Во сне Приена бежит, бежит к Пентесилее, бежит помочь своей царице. Хоть эта владычица востока и была несравненной женщиной, рожденной в краях, где бродят волк и медведь, ее тоже заразила болезнь поэтов, потому что перед этой единственной битвой против Ахиллеса она провозгласила: «Я буду сражаться с ним одна». Очевидное безумие. Вздорный отказ от собственных воинских традиций – ведь начиная с того самого дня, когда они впервые все вместе пили молоко кобылицы под серебряным небом, они были сестрами и стаей. И все же она сказала: «Мое имя будут воспевать как имя убийцы Ахиллеса». И, таким образом, от рук поэтов не меньше, чем от меча Ахиллеса, она погибла.
Приене снятся лошади, скачущие по равнине, и комары над рекой, и что, когда она дышала, рана на спине открывалась и закрывалась, словно рот выброшенной на берег рыбы, и тогда она просыпается и дотягивается до своих ножей, а они всегда близко, и, обнаружив их под рукой и утешившись, снова падает на ложе, и спит, и видит сны.
Была ночь под стенами Трои, когда Афина вошла в сны Одиссея и проговорила (я просто пересказываю): «Ух ты, какая хорошая лошадь».
Была ночь в Спарте, когда Афродита опустила пальцы в чашу Париса, окрасила его губы красным и пробормотала: «Какая у его жены милая попка, правда?»
Я нечасто вхожу в сны смертных, ибо мой муж считает, что я способна посеять в них какой-то образ себя, могу прикоснуться губами к их сонным губам, позволить себе непристойную близость под звездным небом. Даже самые лестные изображения меня во всей моей славе показывают меня слегка располневшей, с двойным подбородком – мать, которая немножко себя запустила. Никто не хочет, чтобы во мраке ночи к ним пришла толстуха Гера. Но сегодня я смотрю на Приену, спящую воительницу с востока, и вспоминаю, как выглядела ее богиня, вздымавшая руки над великою рекой, текущей к морю, как ее глаза сияли, а язык трогал приоткрытые губы, и, оглянувшись украдкой через плечо, чтобы удостовериться, что никто не подглядывает из-за летящих по небу облаков, я проникаю в сны Приены.

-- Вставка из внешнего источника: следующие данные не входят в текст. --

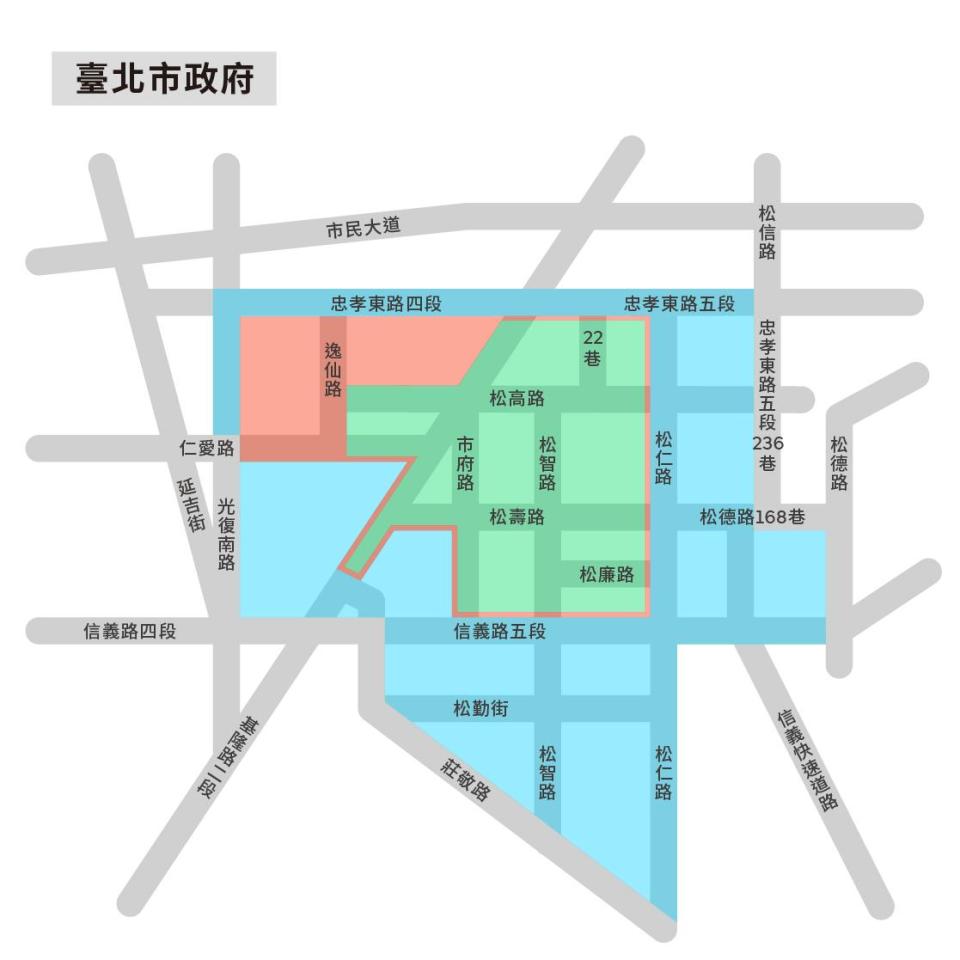 2023 Uber 跨年管制地圖。（圖／Uber提供）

– Узри меня, дочь моя, – шепчу я, и мой голос как бегущая вода, волосы как танцующее пламя. – Научи моих женщин сражаться.
Приена так давно не видела во сне своих богов. Она думала, что они оставили ее, и теперь она простирает ко мне дрожащие руки и восклицает на своем родном языке: «Матерь, Матерь, Табити, Матерь!» Я не задерживаюсь, не отвечаю. Хоть мы и далеко от ее страны, но госпожа востока может разгневаться, если увидит, что кто-то перехватывает обращенные к ней молитвы – пусть даже он настолько великолепный, как и я.
– Научи моих женщин сражаться, – выдыхаю я, и ночь превращается в день.
Глава 18
На второй день траура мальчики Итаки собираются на занятие.
Да, повсюду слышится вой, и в память об Агамемноне на алтарях воздаются обильные возлияния. Да, в залах Одиссеева дворца сегодня не будет пира. Но луна все еще чертит свой круг, да, чертит – она была тонкой и темной, будто тоже рыдала над тираном Агамемноном, а теперь снова толстеет, целуя море серебряными лучами, и в этот раз население западных островов с ненавистью смотрит на ее ширящуюся улыбку, потому что вместе с полной луною придут морские разбойники.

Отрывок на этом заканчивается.